I actually did that with a firefox extension + containers to scrape ChatGPT a long while back (before the APIs)

https://github.com/acheong08/ChatGPT-API-agent

Worked pretty well but browsers took up too much memory per tab so automating thousands of accounts (what i wanted) was infeasible

pimlottc10/02/2024

When I have to do some really quick ad-hoc webscraping, I often just select all text on the page, copy it, and then switch to a terminal window where I build a pipeline that extracts the part I need (using pbpaste to access the clipboard). Very quick and dirty for when you just need to hit a few pages.

turingfeel10/02/2024

If you want to get your personal IP and fingerprint blacklisted across major providers and large ranges, unfortunately this is how you do it. Just keep the rates low.

show 1 reply
changing199910/01/2024

> can you write a web scraper in your browser? The answer is: YES, you can! So why is nobody doing it?

My guess would be that some companies are doing it (I worked at a major tech company that is/was), just not publicizing this fact as crawling/scraping is such a gray legal area.

chaosharmonic10/01/2024

> You can find plenty of tutorials on the Internet about the art of web scraping... and the first things you will learn about are Python and Beautiful Soup. There is no tutorial on web scraping with Javascript in a web browser...

Um... [0]

[0] https://bhmt.dev/blog/scraping

show 1 reply
dewey10/01/2024

I've read through that (hard to read, because of the bad formatting) but I still don't understand why you would do that instead of Playwright, Puppeteer etc. - The only reason seems to be "This technique certainly has its limits.".

show 2 replies
spullara10/01/2024

I love it when something like this reminds me of a project from forever ago...
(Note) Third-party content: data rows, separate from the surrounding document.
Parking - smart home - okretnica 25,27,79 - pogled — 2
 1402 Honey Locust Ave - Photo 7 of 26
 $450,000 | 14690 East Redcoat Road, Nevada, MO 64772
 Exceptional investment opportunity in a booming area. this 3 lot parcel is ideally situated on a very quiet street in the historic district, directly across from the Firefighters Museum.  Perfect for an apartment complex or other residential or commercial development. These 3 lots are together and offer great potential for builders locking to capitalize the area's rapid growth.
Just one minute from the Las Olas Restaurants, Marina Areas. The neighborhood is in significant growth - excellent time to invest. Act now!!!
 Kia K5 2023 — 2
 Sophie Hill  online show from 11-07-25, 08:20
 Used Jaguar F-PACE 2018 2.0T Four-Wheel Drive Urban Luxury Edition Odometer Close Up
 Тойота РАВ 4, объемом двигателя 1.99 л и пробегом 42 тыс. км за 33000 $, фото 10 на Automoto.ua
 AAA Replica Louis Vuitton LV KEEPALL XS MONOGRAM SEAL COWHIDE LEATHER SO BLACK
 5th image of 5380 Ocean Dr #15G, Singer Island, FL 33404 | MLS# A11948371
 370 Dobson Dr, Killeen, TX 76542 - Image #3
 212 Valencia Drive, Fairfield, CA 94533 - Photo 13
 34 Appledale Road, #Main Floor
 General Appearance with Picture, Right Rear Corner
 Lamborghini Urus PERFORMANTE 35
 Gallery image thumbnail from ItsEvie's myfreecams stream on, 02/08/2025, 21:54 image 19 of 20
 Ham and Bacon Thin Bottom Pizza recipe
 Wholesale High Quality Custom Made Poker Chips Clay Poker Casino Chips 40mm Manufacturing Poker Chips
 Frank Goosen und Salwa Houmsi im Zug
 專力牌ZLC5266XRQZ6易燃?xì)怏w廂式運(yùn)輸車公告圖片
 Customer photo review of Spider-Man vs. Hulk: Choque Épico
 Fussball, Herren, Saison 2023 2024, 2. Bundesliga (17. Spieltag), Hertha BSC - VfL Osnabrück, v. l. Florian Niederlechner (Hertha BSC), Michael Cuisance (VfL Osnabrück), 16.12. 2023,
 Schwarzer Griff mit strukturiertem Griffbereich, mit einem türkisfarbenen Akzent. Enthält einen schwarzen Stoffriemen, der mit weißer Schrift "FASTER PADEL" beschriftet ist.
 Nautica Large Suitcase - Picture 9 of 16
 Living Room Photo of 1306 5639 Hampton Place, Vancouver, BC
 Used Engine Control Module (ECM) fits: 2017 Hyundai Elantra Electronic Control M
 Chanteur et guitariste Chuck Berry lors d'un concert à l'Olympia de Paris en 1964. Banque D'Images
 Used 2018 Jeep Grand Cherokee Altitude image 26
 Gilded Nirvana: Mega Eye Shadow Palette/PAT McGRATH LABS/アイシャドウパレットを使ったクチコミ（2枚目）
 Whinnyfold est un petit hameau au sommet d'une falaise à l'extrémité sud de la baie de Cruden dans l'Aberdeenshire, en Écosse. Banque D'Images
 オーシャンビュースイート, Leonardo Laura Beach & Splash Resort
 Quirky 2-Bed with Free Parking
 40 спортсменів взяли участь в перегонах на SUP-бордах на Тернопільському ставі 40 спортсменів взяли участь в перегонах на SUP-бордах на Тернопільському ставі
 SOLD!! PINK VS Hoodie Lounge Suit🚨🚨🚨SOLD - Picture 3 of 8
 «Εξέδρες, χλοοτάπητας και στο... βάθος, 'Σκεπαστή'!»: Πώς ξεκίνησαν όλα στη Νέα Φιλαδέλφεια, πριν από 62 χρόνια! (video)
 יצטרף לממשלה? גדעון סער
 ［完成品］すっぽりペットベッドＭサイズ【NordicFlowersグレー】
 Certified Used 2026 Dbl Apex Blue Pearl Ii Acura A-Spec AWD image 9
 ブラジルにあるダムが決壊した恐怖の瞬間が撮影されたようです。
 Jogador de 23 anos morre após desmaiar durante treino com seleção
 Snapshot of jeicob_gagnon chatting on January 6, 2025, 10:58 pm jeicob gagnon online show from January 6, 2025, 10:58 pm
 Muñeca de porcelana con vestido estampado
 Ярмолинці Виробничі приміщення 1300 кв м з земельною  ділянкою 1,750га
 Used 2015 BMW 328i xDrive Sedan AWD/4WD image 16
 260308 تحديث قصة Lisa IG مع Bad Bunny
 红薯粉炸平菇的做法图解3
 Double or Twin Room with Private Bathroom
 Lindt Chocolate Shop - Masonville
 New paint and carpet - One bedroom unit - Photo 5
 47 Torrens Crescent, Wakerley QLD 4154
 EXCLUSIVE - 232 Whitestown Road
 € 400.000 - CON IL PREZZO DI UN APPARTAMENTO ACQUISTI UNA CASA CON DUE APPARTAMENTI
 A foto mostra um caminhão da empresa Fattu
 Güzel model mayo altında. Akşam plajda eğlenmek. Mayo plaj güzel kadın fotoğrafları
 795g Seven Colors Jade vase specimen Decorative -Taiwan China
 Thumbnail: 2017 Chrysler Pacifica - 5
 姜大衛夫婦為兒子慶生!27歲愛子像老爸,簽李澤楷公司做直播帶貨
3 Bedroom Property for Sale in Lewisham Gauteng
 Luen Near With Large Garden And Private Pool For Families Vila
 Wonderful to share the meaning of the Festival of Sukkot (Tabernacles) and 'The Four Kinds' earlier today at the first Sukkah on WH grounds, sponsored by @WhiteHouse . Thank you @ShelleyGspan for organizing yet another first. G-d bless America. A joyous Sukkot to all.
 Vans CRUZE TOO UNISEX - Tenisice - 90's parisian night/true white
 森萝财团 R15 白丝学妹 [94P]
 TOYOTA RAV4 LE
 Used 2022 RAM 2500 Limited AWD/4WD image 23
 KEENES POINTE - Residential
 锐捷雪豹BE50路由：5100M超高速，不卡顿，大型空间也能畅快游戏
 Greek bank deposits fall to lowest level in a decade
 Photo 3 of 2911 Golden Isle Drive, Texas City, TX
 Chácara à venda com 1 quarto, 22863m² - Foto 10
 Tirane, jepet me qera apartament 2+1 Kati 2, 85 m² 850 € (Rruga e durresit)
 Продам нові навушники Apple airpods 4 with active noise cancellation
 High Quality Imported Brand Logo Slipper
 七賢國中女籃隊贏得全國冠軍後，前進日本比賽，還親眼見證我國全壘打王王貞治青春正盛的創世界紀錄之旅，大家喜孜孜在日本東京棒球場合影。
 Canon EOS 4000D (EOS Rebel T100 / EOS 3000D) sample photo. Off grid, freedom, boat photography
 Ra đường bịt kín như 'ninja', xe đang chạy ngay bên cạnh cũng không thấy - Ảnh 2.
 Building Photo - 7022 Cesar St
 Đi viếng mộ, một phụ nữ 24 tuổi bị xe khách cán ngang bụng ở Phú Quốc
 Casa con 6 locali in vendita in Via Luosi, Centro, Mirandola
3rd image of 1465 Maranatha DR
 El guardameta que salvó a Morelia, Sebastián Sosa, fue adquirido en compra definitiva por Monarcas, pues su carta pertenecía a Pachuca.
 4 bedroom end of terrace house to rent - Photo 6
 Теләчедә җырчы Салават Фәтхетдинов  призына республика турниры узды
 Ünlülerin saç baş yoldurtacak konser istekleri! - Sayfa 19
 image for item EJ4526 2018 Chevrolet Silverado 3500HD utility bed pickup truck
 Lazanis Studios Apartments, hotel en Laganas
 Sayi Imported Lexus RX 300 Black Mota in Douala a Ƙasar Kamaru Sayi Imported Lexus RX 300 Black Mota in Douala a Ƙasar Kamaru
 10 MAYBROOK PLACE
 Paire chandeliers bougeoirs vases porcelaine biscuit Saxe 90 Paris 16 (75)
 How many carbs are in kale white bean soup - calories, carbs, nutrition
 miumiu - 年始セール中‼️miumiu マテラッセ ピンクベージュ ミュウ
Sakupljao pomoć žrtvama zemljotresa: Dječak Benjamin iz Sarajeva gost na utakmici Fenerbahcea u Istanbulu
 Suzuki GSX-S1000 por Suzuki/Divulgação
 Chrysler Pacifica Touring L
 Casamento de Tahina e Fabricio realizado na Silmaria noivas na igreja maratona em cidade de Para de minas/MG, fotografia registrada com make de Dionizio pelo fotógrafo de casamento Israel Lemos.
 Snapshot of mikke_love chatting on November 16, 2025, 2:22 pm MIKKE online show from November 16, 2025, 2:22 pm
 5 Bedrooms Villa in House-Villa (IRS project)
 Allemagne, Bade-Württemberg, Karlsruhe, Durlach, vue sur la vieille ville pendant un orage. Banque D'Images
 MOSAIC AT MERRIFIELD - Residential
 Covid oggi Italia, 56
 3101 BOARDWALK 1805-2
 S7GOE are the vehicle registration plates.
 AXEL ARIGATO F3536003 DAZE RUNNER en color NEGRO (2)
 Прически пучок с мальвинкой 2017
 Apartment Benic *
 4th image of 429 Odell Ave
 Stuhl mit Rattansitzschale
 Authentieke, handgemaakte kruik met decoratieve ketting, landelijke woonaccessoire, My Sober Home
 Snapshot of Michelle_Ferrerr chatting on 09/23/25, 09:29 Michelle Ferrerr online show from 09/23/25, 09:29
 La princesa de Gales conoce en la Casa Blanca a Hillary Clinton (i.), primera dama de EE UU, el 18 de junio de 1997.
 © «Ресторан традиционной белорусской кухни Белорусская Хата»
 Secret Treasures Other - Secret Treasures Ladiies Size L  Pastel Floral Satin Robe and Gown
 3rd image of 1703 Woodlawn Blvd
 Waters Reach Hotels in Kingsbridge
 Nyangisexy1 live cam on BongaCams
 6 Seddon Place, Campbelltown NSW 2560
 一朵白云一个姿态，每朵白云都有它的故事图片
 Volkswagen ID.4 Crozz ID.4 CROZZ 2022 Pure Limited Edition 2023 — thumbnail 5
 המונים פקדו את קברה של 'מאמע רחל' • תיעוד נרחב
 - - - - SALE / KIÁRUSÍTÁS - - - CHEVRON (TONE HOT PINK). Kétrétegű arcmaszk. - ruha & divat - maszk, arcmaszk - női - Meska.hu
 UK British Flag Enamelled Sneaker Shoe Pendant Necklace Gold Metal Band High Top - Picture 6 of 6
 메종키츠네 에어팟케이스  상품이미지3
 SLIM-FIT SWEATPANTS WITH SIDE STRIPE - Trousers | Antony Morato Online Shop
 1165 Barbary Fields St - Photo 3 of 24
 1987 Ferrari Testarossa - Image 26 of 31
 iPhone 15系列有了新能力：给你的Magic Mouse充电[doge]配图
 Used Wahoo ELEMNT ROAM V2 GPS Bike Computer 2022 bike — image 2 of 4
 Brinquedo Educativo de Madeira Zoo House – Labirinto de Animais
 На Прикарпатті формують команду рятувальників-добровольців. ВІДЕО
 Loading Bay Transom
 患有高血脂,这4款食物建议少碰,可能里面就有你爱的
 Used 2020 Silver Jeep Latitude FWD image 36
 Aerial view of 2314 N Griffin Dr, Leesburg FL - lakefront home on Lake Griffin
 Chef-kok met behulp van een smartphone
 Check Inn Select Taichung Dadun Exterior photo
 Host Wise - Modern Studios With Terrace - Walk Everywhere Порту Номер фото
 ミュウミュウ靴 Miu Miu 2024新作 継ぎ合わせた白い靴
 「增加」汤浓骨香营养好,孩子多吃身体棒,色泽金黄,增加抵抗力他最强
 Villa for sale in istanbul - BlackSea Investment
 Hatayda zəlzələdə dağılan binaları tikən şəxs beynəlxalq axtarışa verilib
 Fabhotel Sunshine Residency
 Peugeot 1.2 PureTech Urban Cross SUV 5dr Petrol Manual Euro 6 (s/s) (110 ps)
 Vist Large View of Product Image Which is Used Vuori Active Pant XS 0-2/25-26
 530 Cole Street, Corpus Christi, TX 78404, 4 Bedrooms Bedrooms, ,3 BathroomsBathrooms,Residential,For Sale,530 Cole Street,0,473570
https://github.com/spullara/browsercrawler

nsonha10/02/2024

sorry the format of this site is just too annoying for me to bother to read it. If this is about the shocking revelation that you can paste some code into the browser console, aka manually extracting information, then manually put that into whatever workflow that you need that information for, then I don't think that is called web scrapping, it's just browsing the web with code.

micahdeath10/02/2024

Excel/Word Macro using a WebBrowser object in a Form (old IE did this nicely; Haven't done that since Edge came out.)

ttshaw110/02/2024

How is this different from scraping in, say, Selenium in non-headless mode?

show 1 reply
deisteve10/01/2024

is there anything that runs on WASM for scraping? the issue is that you need to enable flags and turn off other security features to scrape on your web browser and this is why its not popular but with WASM that might change

show 1 reply
welder10/01/2024

Neo already did that in the Matrix:

https://www.youtube.com/watch?v=sjoad6gcRzs

squigz10/02/2024

This horrendous color scheme makes it impossible for me to read this.